Ce sont ses souvenirs, écrits de 1911 à 1913, ignorés des Annales des Douanes et pieusement conservés par sa famille, qui sont aujourd'hui publiés car ils ont paru mériter une plus large audience que le cercle familial ou celui de quelques érudits locaux. Ne s'adresse­-t-il pas en tout premier lieu à ses collègues douaniers ?

Il ne s'agit pas à proprement parler de mémoires: des pans entiers de la vie et de la carrière douanière de Jean Paloc sont, en effet, passés sous silence, l'épisode rochelais notamment.

Acteur et témoin, l'auteur a voulu avant tout relater d'une plume vive, souvent acerbe, quelquefois choquante pour un lecteur du XXe siècle finissant, ce qu'était la vie des douaniers dans la seconde moitié du XIXe siècle en «parcourant" une carrière pour le moins exemplaire, bien que non exceptionnelle. Nombreux sont en effet les directeurs régionaux des douanes qui, au siècle dernier, commencèrent leur carrière tout au bas de la hiérarchie, dans le service des brigades. L'un d'entre eux, Léon Allé, débuta comme matelot et accéda au poste de directeur général des douanes.

Le témoignage de Paloc prend d'autant plus de valeur qu'il existe peu de documents similaires dans la corporation douanière. Boucher de Perthes, avec ,<Sous dix rois", et Louis Gruyer, auteur des ,<Souvenirs d'un gabelou de Napoléon», n'ont guère eu d'émules. Qui plus est, dans ses évocations, Jean Paloc déborde largement du strict cadre douanier, apportant de précieuses informations pour l'histoire de régions telles que l'Aquitaine, le Nord et la Savoie. Quant à l'acteur Paloc, il exerce son sens critique sur des événements majeurs -la guerre de 1870-1871, l'annexion de la Savoie et le problème des zones franches -, mais aussi sur des sujets plus spécifiquement douaniers qui n'ont pas tous perdu de leur actualité, loin s'en faut: le déroulement des carrières, la notation des agents, le recrutement de directeurs généraux, les méthodes de l'Inspection des Finances, pour ne citer que quelques exemples.
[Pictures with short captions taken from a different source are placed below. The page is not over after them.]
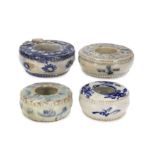 Four Annamese blue and white water pots 16th century Each of drum form and painted with floral...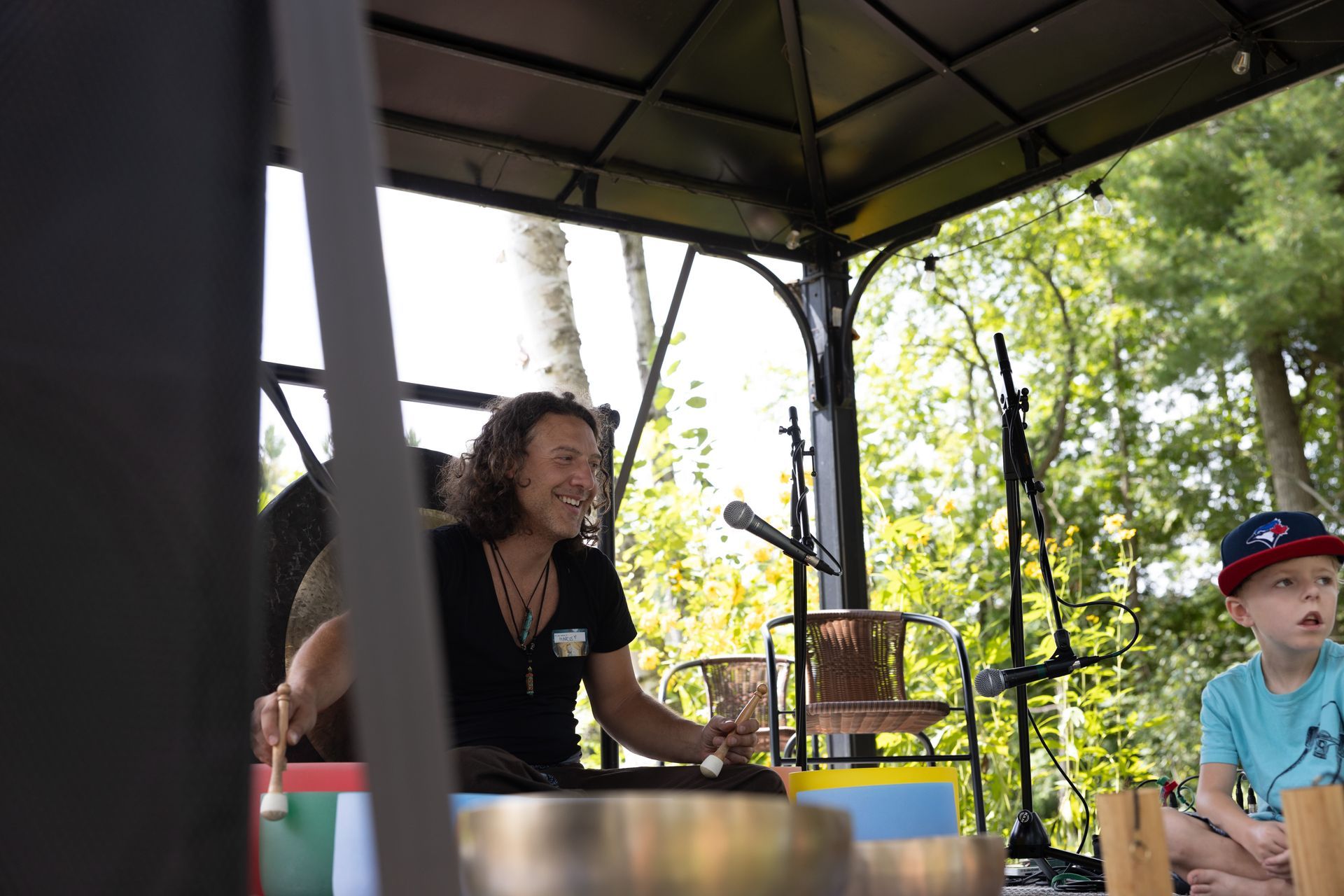 Man playing singing bowls under a gazebo, boy watching. Outdoors, sunny.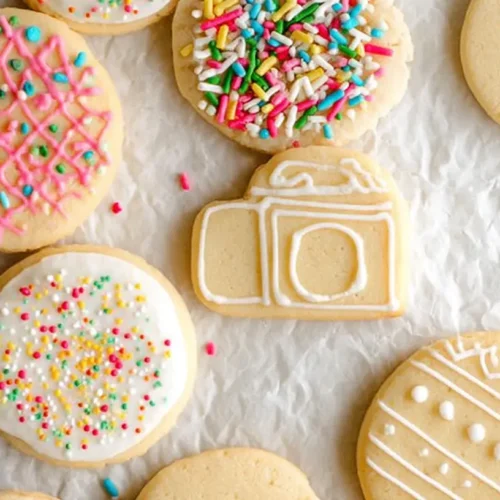 A plate of delightful sugar cookies, beautifully decorated.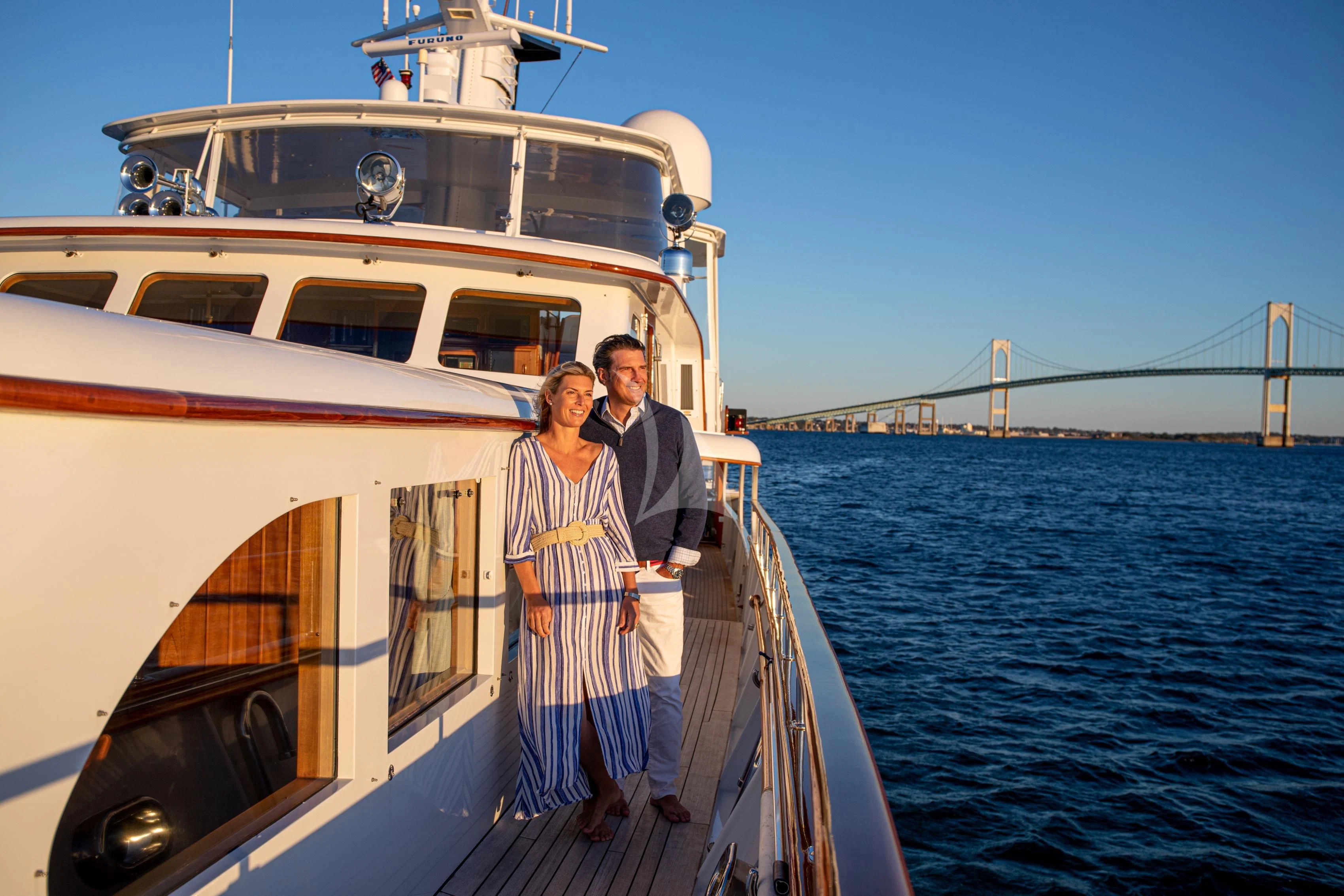 a man and woman standing on a boat in the water aboard MARYBELLE Yacht for Sale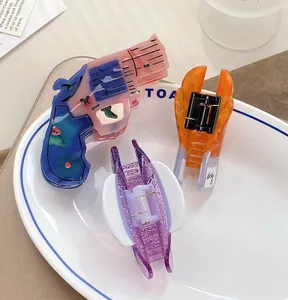 Three creative acetate hair claws in playful gun and wing shapes on a ceramic tray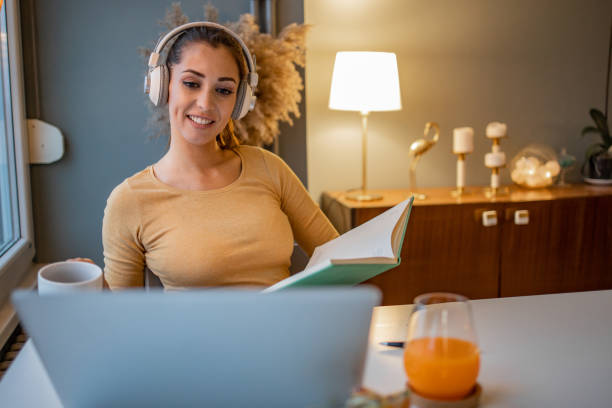 istock Woman working late from home and using laptop 1291992006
Ainsi, au triple plan de l'histoire douanière, de l'histoire locale et de l'Histoire -la grande ? -, les souvenirs de Jean Paloc apparaissent comme une source de connaissances majeures, par certains côtés irremplaçables, quand on sait les destructions parisiennes et provinciales qu'ont subies les archives douanières.